For this exercise, copy exactly the lines below from the one with "2010 Honda Fit Sport – miniatura 29" through the one with "Bosch SR-A2.0026.030-14.000, 1" and leave out the pictures.

__Supplied material__.
============

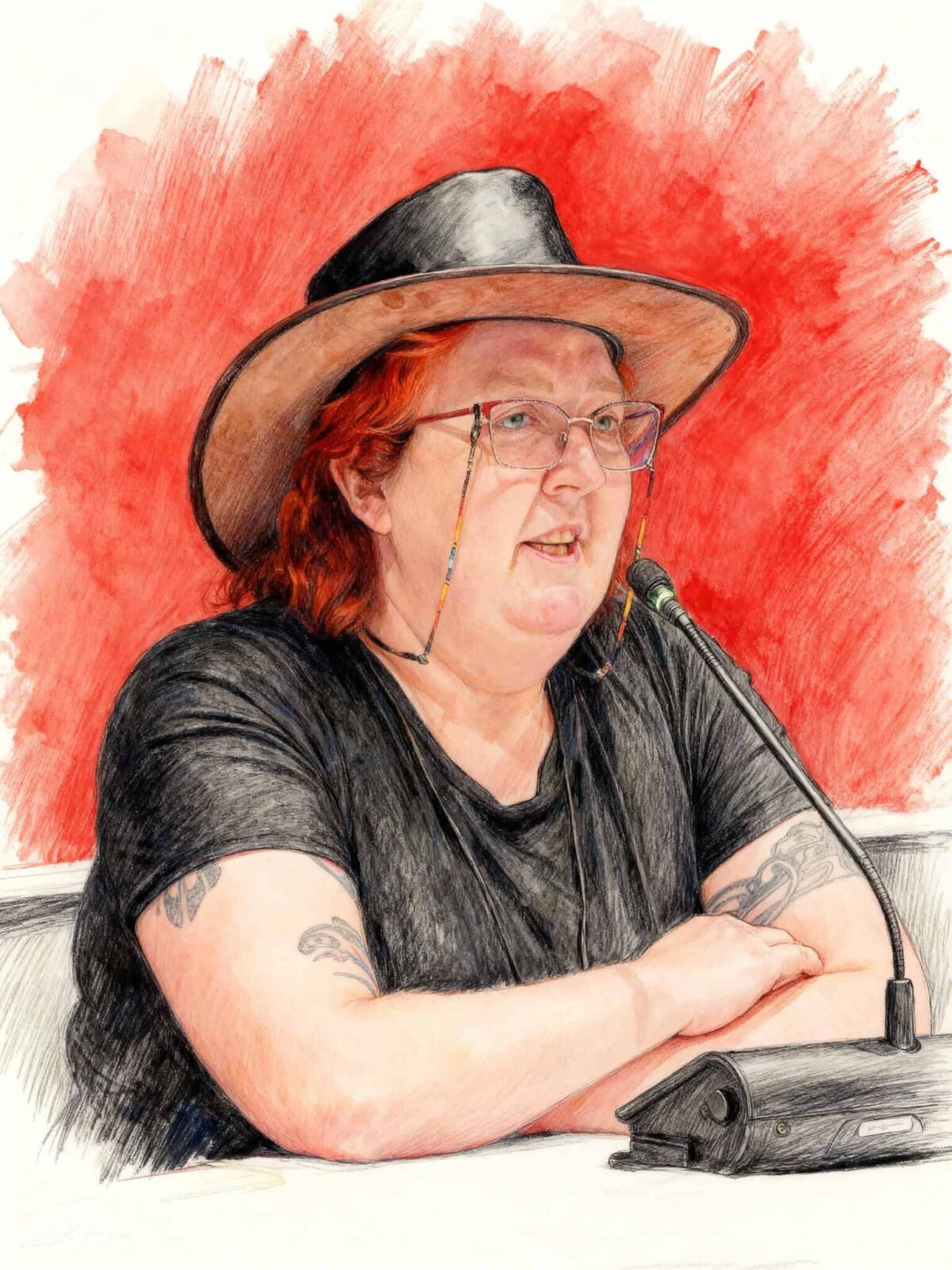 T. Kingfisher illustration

============

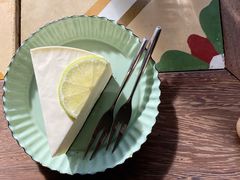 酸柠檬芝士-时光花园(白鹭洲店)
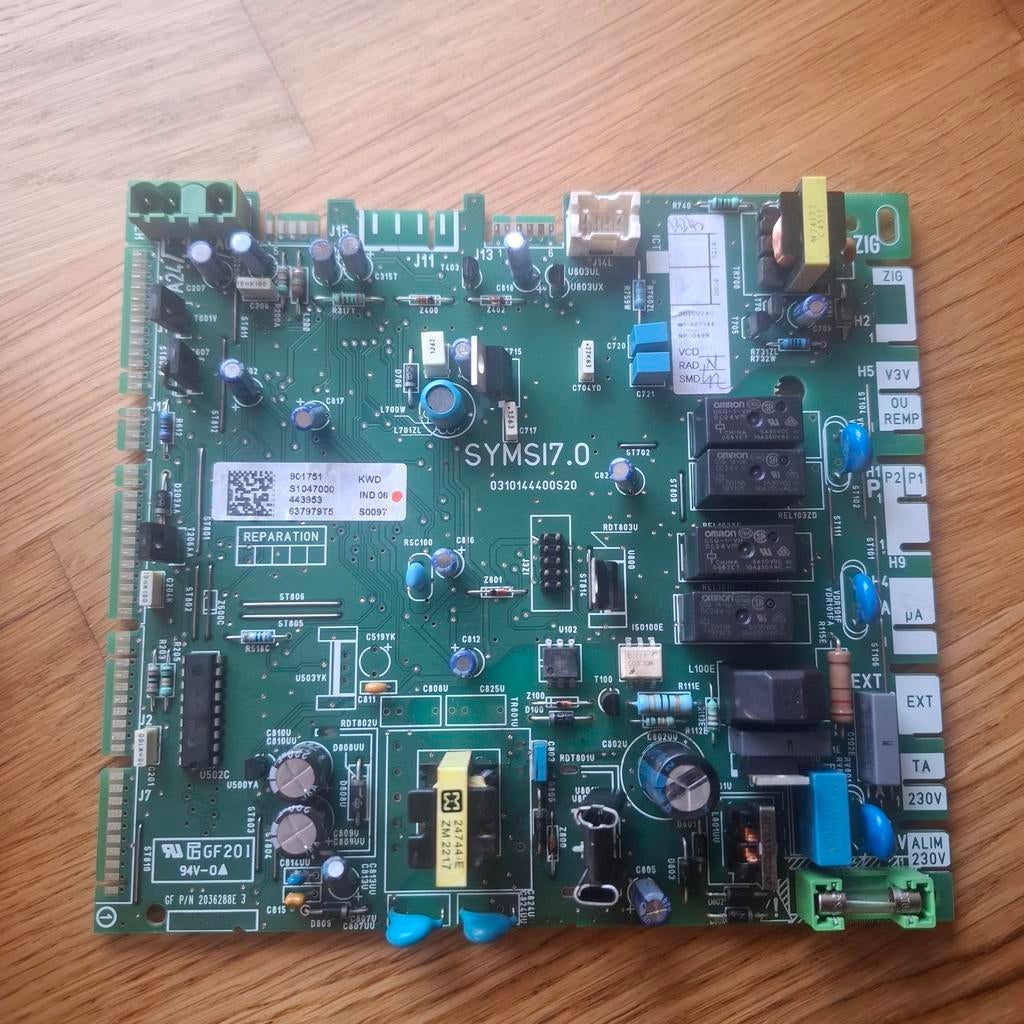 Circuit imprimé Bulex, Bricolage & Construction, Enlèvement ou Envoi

============

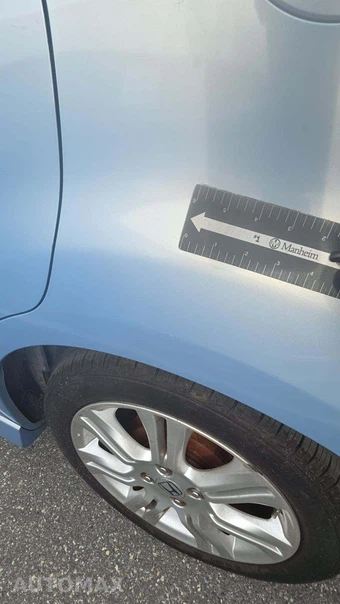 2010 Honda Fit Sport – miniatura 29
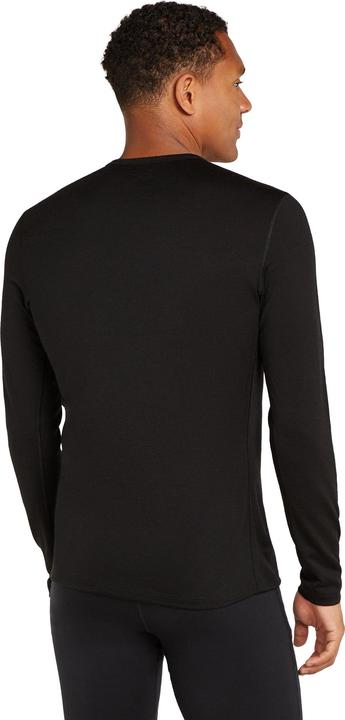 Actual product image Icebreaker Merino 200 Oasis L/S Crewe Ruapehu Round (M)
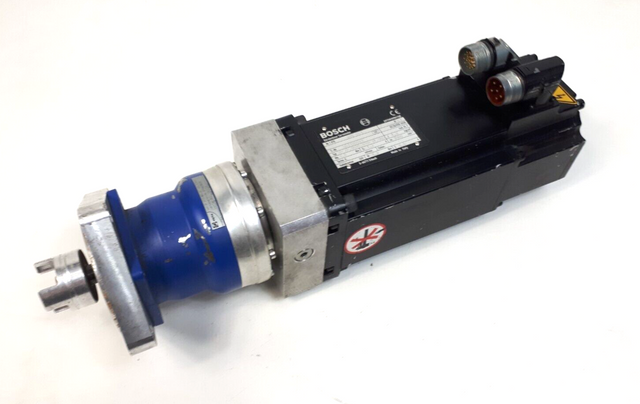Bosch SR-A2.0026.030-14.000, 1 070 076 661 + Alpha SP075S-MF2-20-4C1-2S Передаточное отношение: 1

============

__Written answer__.
 2010 Honda Fit Sport – miniatura 29
 Actual product image Icebreaker Merino 200 Oasis L/S Crewe Ruapehu Round (M)
Bosch SR-A2.0026.030-14.000, 1 070 076 661 + Alpha SP075S-MF2-20-4C1-2S Передаточное отношение: 1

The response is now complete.